CS undergrads or engineering undergrads in general are all going to graduate with two or three AI classes. And those two or three AI classes with the right infrastructure in the company, the right way to gather features, the right way to specify your label data. If we have that ML platform in place, people with two or three strong classes are going to be able to deliver 70% of the models a company might need. Now that 30%, I think you're still going to need experts for a while.

I do. I just don't think you can need it like you used to need it where almost every expert had to have a PhD. Yeah. I actually resonate with that, Sam, in an interesting way. It's,

It sort of corroborates what we've been saying about what it takes to actually get impact at scale, which is like the technical stuff gets you only so far, but ultimately you got to change the way it's consumed and you got to change the way people work and the different modes of interaction between human and AI. And that's, I guess that's a lot of the humanities and the philosophy and the political science and how sort of the human works more so than what the algo does.

Well, that's a good redirection, too, because if we're not careful, then that conversation slips us into the curriculum being DevOps more. And so what Shervin's pointing out is that maybe that's a component, of course, too, but there's process change and more, let's say, business-oriented initiatives. So what other kinds of things are you trying to teach people? Or what other kinds of things do you think executives should know? I mean, we can't have the

Everybody can't have to know everything. That would be a bit overwhelming. I mean, perhaps that's ideal if everyone knows everything.

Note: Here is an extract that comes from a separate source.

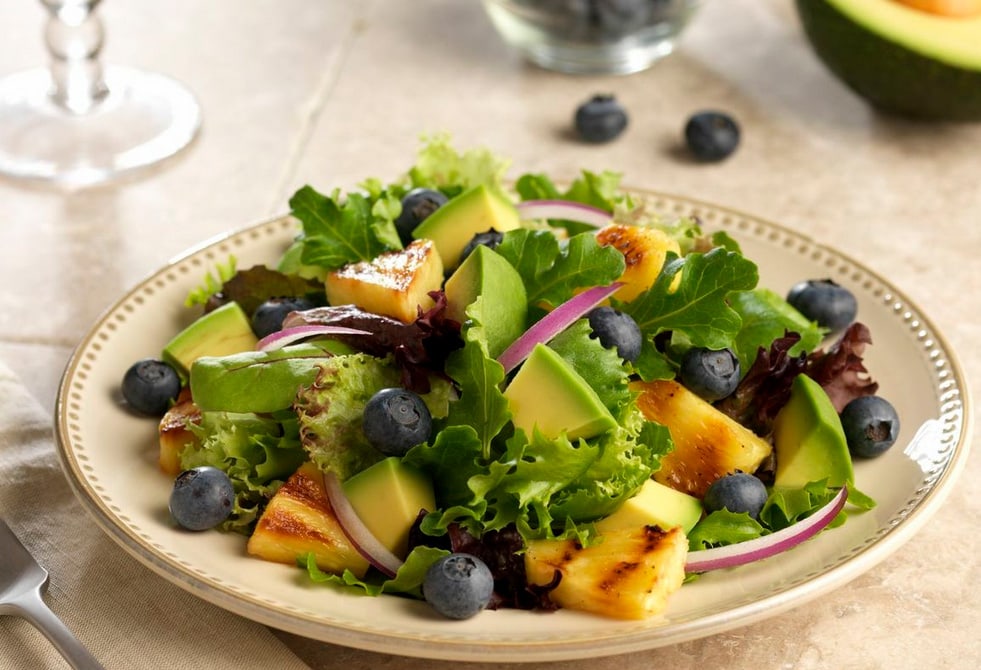 peel avocado and dice in salad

But what exactly do different levels of managers need to know? I think the top decision maker needs to understand dangers of a model going awry. And they need to understand the overall process that you really need labeled data. Like there's no magic here. They have to understand there's not magic.

So they have to understand that label data is expensive, that getting the labels right and sampling the distribution of the world that you want correctly is extremely important. I believe they also have to understand the life cycle in general, which is different than two-week sprints, we're going to close these Jira tickets, right? That data gathering is extremely important and that could take a quarter or two. And that the first model you ship probably isn't going to be very good.

you know, because it was from a small label data set and now you're gathering data in the wild. So there's a life cycle piece that they need to understand and they need to understand that unfortunately in a lot of ways, maybe not for car driving, but for recommendations, the first couple that you ship get iteratively better. So I think that's extremely important for the top.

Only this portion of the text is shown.